▸ Data under study
★ ★ ★ ★

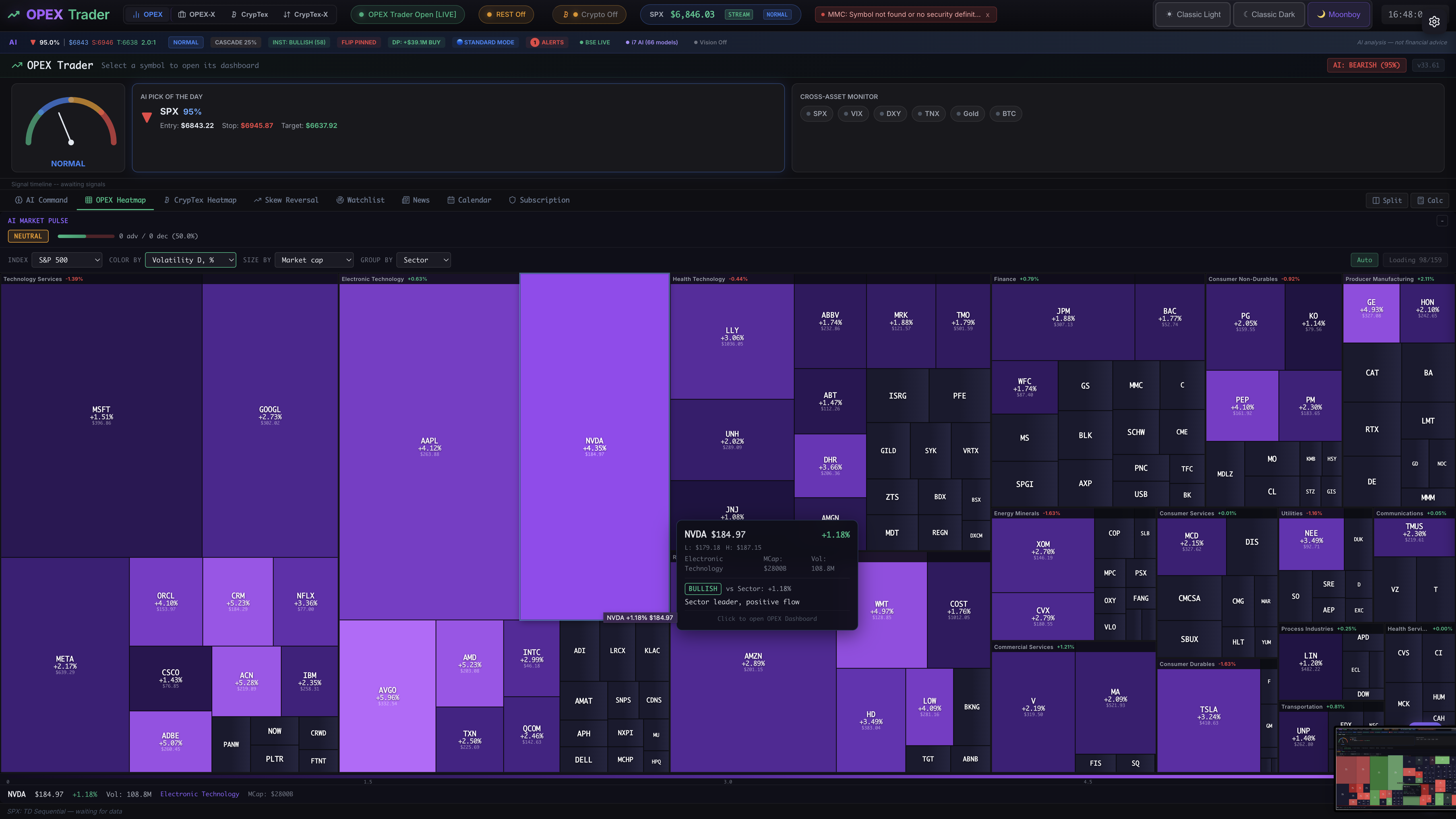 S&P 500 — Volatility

★ ★ ★ ★

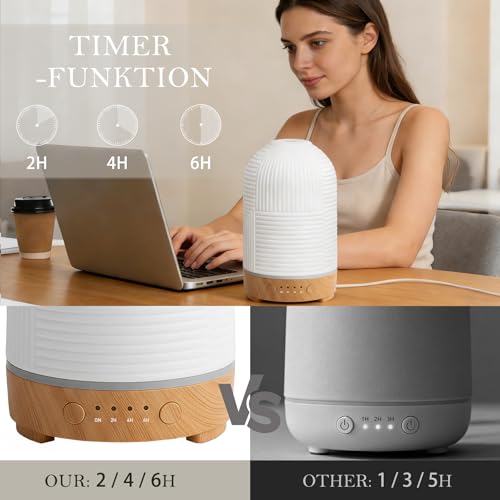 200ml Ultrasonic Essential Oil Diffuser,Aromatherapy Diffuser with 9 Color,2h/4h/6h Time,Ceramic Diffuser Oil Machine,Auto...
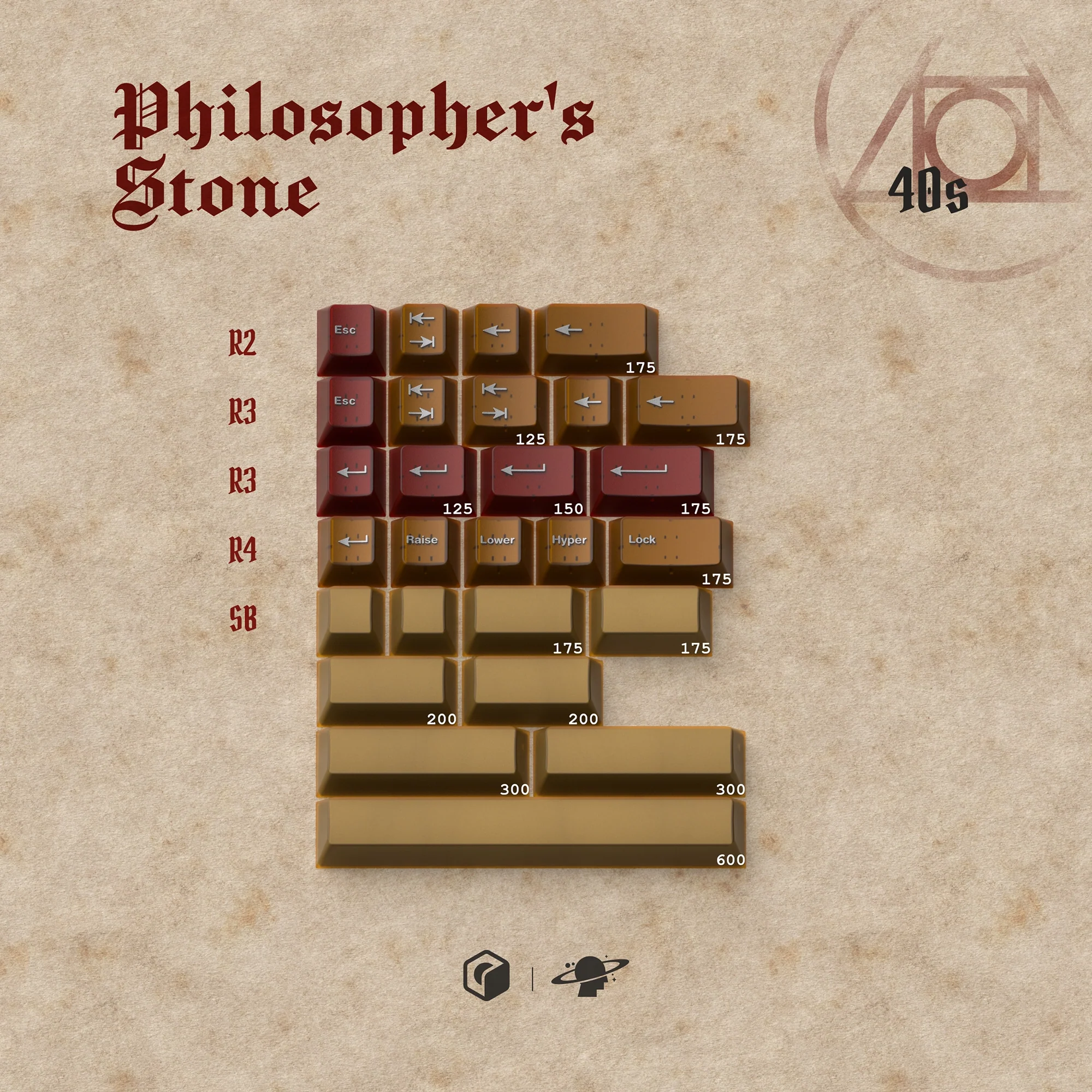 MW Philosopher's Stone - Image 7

★ ★ ★ ★

What you write must match the listing exactly, from the line with "200ml Ultrasonic Essential" up to and including the line with "MW Philosopher's Stone - Image 7". Pictures stay out.

 200ml Ultrasonic Essential Oil Diffuser,Aromatherapy Diffuser with 9 Color,2h/4h/6h Time,Ceramic Diffuser Oil Machine,Auto...
 MW Philosopher's Stone - Image 7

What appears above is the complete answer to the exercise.